Among scientific computations, the numerical solution of PDEs, such as the Euler and Navier-Stokes equations describing fluid flow, is of great interest both to the research community and to industry. With the help of an example that requires the solution of PDEs, we motivate the design and development of the extended DSK package; however, the tools we describe are applicable to a wider class of application programs in which large-array data structures are used.

The complexity of the computations for the numerical solution of PDEs, in terms of both data dependencies and programming effort, increases with the complexity of the associated geometry. For cases in which the geometry is simple, the physical domain can be discretized with a Cartesian grid. To properly handle physical domains with a more complex geometry, a boundary-fitted curvilinear grid may be used. Such a grid is generated from a Cartesian grid by a smooth coordinate transformation from the physical domain to a rectilinear computational domain. In general, the difference stencils used in discretizing the PDEs for numerical solution on Cartesian or curvilinear grids give rise to data dependencies that are local and regular in nature. For this reason, implementation of explicit finite-difference methods that use such stencils is easy, and implementation of parallel algorithms for these methods is not very difficult.

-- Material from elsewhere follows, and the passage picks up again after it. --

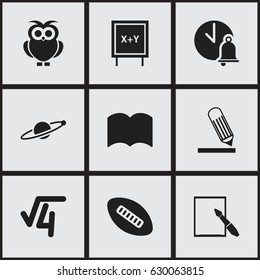Set Of 9 Editable University Icons. Includes Symbols Such As Math Root, Notepaper, Oval Ball And More. Can Be Used For Web, Mobile, UI And Infographic Design.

When the geometry is nontrivial, a single curvilinear grid is inadequate, and more powerful techniques must be used, such as patched-grid (block-structured) or overlapping-grid methods. With these methods, several curvilinear component grids are used, which together cover the physical domain. For patched-grid methods, adjacent component grids must match exactly along their common boundary. As a result, the data dependencies of explicit finite-difference methods for patched grid are such that computing the difference stencils at the boundary points of component grids requires an exchange of rectangular blocks of data among adjacent grids. This makes patched-grid methods difficult to implement, especially when a parallel implementation is required.

For overlapping-grid methods, functions defined on the composite grid are connected by means of interpolation between the component grids in their region of overlap. As a result, finite-difference methods for overlapping grid use interpolation to complete the computations of the difference stencil at all points in the region of overlap. Once the interpolation functions are determined, these computations turn out to be more straightforward than those with patched grid. However, the parallel implementations of the finite-difference methods for overlapping grid are more complex, since they involve less structured exchange of data between component grids. Moreover, correct implementation of an efficient parallel algorithm is much more difficult. Our interest in the success of patched- and overlapping-grid methods has motivated us to develop tools to manage these difficulties. We consider such tools indispensable for the development of parallel algorithms and their implementations.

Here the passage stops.